The wide swings in debate performances by this year’s presidential candidates reflect the fact that in modern campaigns, a candidate’s image is the message, according to linguistic anthropologists who have studied presidential campaigns.
Candidates send important messages to voters through even their smallest gestures, the researchers say. For example, in this year’s first debate, President Barack Obama often looked down at the podium and was criticized for appearing disengaged. In subsequent debates Obama directly addressed his Republican opponent, former Massachusetts Gov. Mitt Romney, and increased the use of a hammering hand gesture sometimes called the “power grip.”
Michael Lempert and Michael Silverstein explore the surprisingly important role of such personal touches in Creatures of Politics: Media, Message and the American Presidency, just published by the Indiana University Press. They conclude that U.S. presidential campaigns are all about a candidate's brand and celebrity, more than issues brought up at a debate.
“The message is an all-encompassing collage of impressions, including the image politicians project with their personal style and language and the visual images they use to communicate their approachability with the electorate. It’s a form of branding,” said Michael Silverstein, the Charles F. Grey Distinguished Service Professor in Anthropology, Linguistics and Psychology at the University of Chicago.
Candidates take their cues from celebrities who strategically construct and project images to appeal to the public and advance their careers. “In the way of contributing to the message, celebrity becomes a great asset in the realm of political life,” Silverstein said.
Former President George W. Bush, famous for his trouble with language, could be perceived to have done well in the 2004 presidential debate with John Kerry, the researchers say.

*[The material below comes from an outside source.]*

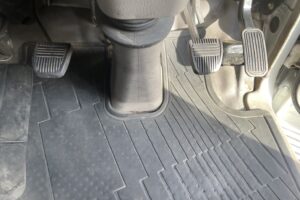 サムネイル: 平成18年　ダイナ2トンWキャブ パワーゲート付き4WD 全塗装済み　車検令和7年11月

Bush used the way he spoke, rather than what he said, to create an image that attracted voters.
“Kerry was, ironically, viewed as being the more patrician, based on his grammar and elocution,” Silverstein said. “And so he seemed like somebody who wasn't real. When you look at Bush’s bloopers, they weren't really bloopers at all. They were deliberate efforts to seem real, like a regular person with whom the majority of the audience could identify.”
Lempert and Silverstein see the public fascination with this “message” as a variation of the predatory voyeurism that characterizes our culture's obsession with celebrities.
“It’s really the ‘TMZ-ization’ of politics,” said Lempert, assistant professor of anthropology at the University of Michigan. “We’ve become habituated to this. Basically, we've come to rely on the characterizations of candidates that this system has invented to help us make sense of which candidates we should support.”
“As a society, we know that this is happening, and that it’s now the norm,” Silverstein said. “But we still feel a certain sense of discomfort that marketing techniques that used to be applied only to commodities are now taken for granted in the packaging of presidential contenders.”
This discomfort is expressed by our calling for rational discussion of the issues and by commentators' questions about whether the candidates that we're seeing are “real” or “authentic,” the researchers say.
“Electoral politics has always involved presenting a publicly imaginable character to the electorate,” Lempert said. “But today’s communications technologies and the rise of professional consultancy and political marketing have amplified the illusion to be real, or to be seen as being real.
“So we not only have debates, but endless debates about the debates. Rather than just being a chance to talk about the issues, the debates are also a form of theater that allows viewers to take the measure of the candidates, through their appearance, their pronunciation, their use of gestures, even their gaffes.”